Naviguer dans ce monde en pleine mutation requiert une bonne compréhension, mais appelle aussi une vision. « Quand il n’y a pas de vision, le peuple périt » (Proverbes  29.18). Comme l’écrit Jean Birnbaum, « Si l’on déplaçait l’enquête du social au spirituel, alors on poserait la seule question qui vaille, celle de l’espérance ». Nous avons besoin d’espérance, individuellement et collectivement.  La vie implique le mouvement.  Les barrières qui s’y opposent  sont destructrices. Nos activités, nos engagements dépendent de notre motivation. Elle-même requiert la capacité de regarder en avant, un horizon de vie, une dynamique d’espérance (5). Si la fragilité de la condition humaine est une constante, dans un monde en mutation où les menaces abondent, l’humain a d’autant plus besoin de s’inscrire dans une perspective qui le dépasse et qui lui donne sens. Cette requête est personnelle. Elle est aussi sociale. Ce livre : « Un silence religieux » traite du rapport entre le politique et le religieux en France, mais, dans notre démarche, nous y voyons apparaître plus généralement un manque dans la prise en compte des  aspirations spirituelles. On pourrait à cet égard évoquer le débat sur la laïcité qui se poursuit depuis des années (6). Dans la réalité de notre temps, nous avons d’autant plus besoin d’une laïcité inclusive. Le livre nous interpelle sur un phénomène complexe. C’est aussi un phénomène spécifique. Mais le djihadisme peut être envisagé aussi comme un symptôme qui traduit un dysfonctionnement plus général. Et, parmi d’autres facteurs, il y a un  manque spirituel. Jean Birnbaum nous apporte à ce sujet un éclairage original.

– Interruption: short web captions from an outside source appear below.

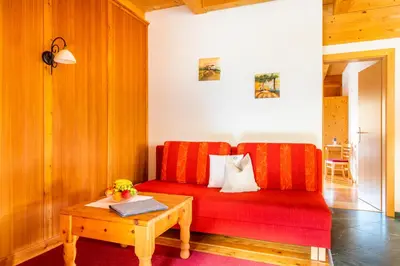 Ein Sitzbereich in der Unterkunft Öko-Appartements Fallhaus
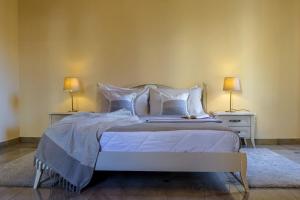 una camera da letto con un grande letto con due tavoli e due lampade di Ferienwohnung für 8 Personen ca 240 qm in Taormina, Sizilien Ostküste von Sizilien a Taormina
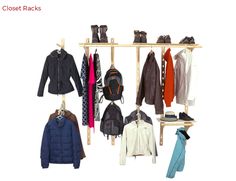 several coats and jackets are hanging on a rack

Face au manque, comme chrétiens, quelle vision alternative pouvons-nous proposer en sachant la pesanteur des héritages historiques ? Le théologien Jürgen Moltmann nous parle de la force vitale de l’espérance. « Que le Dieu de l’espérance vous remplisse de toute joie et de toute paix dans la foi, pour que vous abondiez en espérance, par la puissance du Saint-Esprit ! » (Rom 15.13). C’est unique. Nulle part ailleurs dans le monde des religions, Dieu n’est lié à l’expérience humaine de l’avenir. Dieu est l’éternel présent, la divinité est le tout autre, le divin est l’intemporel éternel. Voilà des notions familières. Dieu est « au dessus de nous », en tant que tout-puissant ou, en nous, en tant que fondement de l’être : ce sont des notions connues. Mais un « Dieu de l’espérance » qui marche « devant nous » et nous précède dans le déroulement de l’histoire, voilà qui est nouveau. On ne trouve cette notion que dans le message de la Bible. C’est le Dieu de l’exode d’Israël… C’est le Dieu de la résurrection de Christ… C’est le Dieu qui « habitera » parmi les hommes comme le révèle l’Apocalypse de Jean (21.3)… Le christianisme est résolument tourné vers l’avenir et invite au renouveau… » (7). Cette vision vient à l’appui d’un état d’esprit qui s’oppose aux égarements actuels que nous décrit si bien Jean Birnbaum. Elle accompagne le mouvement pour une humanité responsable de la planète.

J H

 

(1)            Birnbaum (Jean). Un silence religieux. La gauche face au djihadisme. Seuil, 2016. Jean Birnbaum dirige « Le Monde des livres ». Il est l’auteur de plusieurs essais concernant le vécu politique caractéristique d’une génération.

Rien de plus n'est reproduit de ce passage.